A situação de junho só não foi pior porque, no último dia do mês, a quantidade de aplicações foi 3,84 bilhões de reais maior do que o das retiradas. Até o dia 29, o saldo da caderneta estava no vermelho em 10,10 bilhões de reais em junho. É comum ocorrer um aumento dos depósitos no último dia de cada mês por conta de aplicações automáticas e de sobras de salários.

Remuneração – O que tem ocorrido nos últimos meses, no entanto, é que essa sobra tem sido cada vez menor. Além disso, com o atual ciclo de alta dos juros básicos e do dólar, outros investimentos mais atrativos acabam ofuscando o desempenho da caderneta. Soma-se a isso o fato de há três anos a forma de remuneração da aplicação ter mudado. Pela regra de maio de 2012, sempre que a taxa básica de juros, a Selic, for igual ou menor que 8,5% ao ano, o rendimento passa a ser 70% da Selic mais a Taxa Referencial (TR). Atualmente, a taxa básica está em 13,75% ao ano. Quando o juro sobe a partir de 8,75% ao ano, passa a valer a regra antiga de remuneração fixa de 0,5% ao mês mais a TR.
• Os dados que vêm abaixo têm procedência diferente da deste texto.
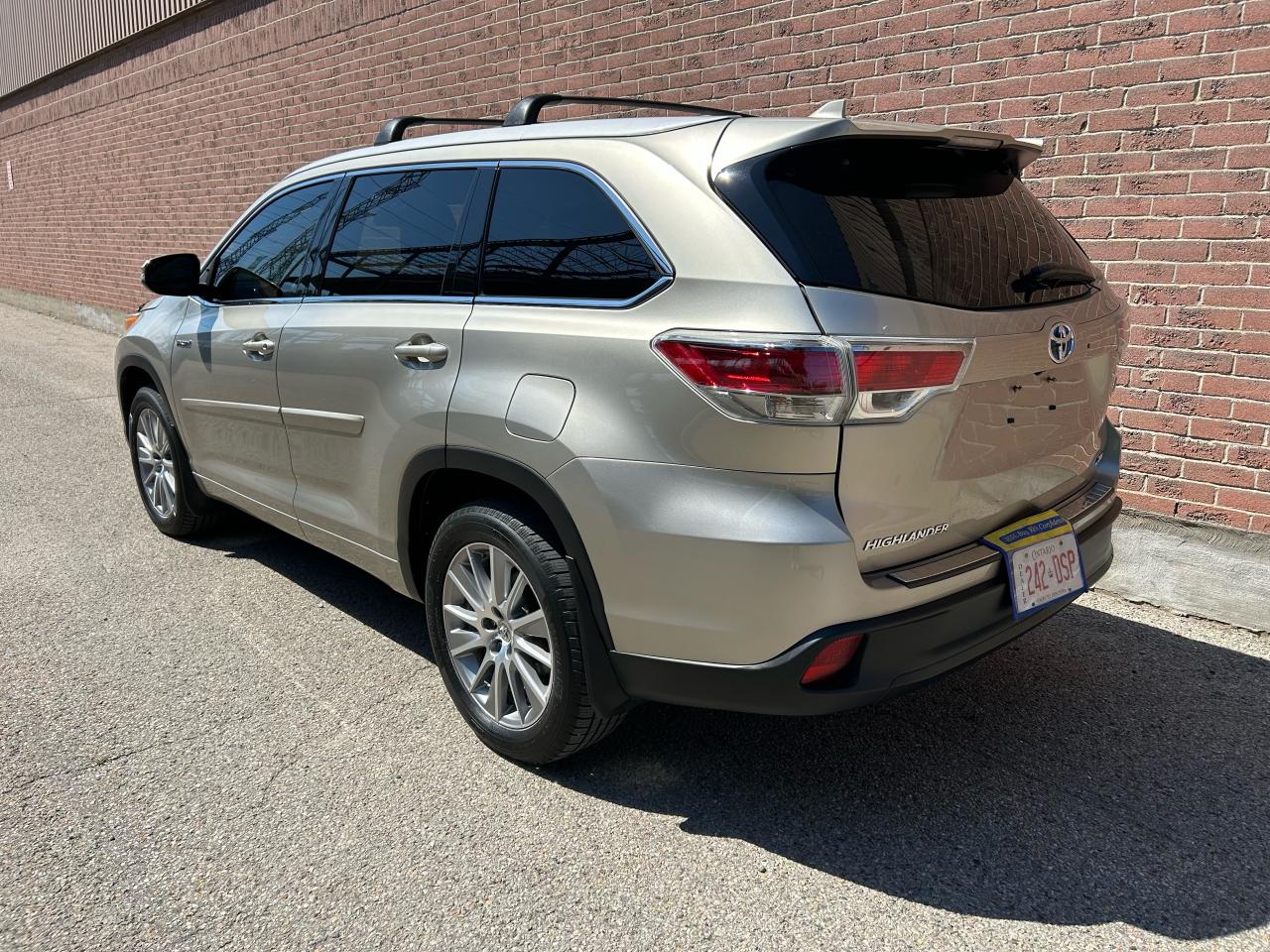 2014 Toyota Highlander Hybrid XLE - Photo #4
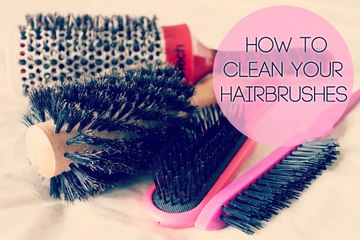 How to Clean Your Hairbrush (A Minute to Clean)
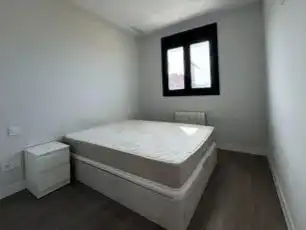 Schlafzimmer von Wohnung zur Miete in  Granada Capital mit Klimaanlage, Terrasse und Balkon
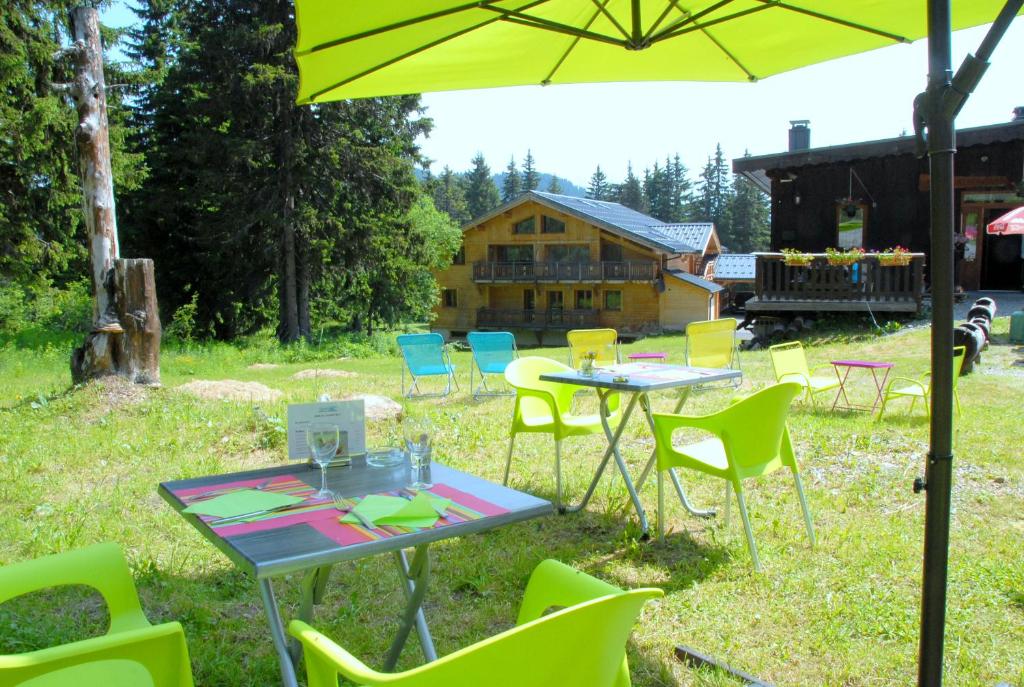 Fotografie z fotogalerie ubytování Hôtel Chalet Le Caribou v destinaci Les Saisies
Compulsório – Devido à sangria na poupança vista desde o início do ano, o setor imobiliário passou a reclamar de falta de recursos para financiamentos de casas e apartamentos. Para minimizar esse quadro, o BC decidiu liberar os bancos para usar 25 bilhões de reais dos depósitos da poupança que são obrigados a manter na instituição para desembolsos nas operações de financiamento habitacional e rural. A decisão foi tomada pelo Conselho Monetário Nacional (CMN), órgão que reúne o BC e os ministérios da Fazenda e do Planejamento.

Foi reduzida a obrigatoriedade de guardar uma parte dos depósitos da caderneta no BC desde que os recursos fossem usados para financiamento habitacional (até 22,5 bilhões de reais) e empréstimos a produtores rurais (outros 2,5 bilhões de reais).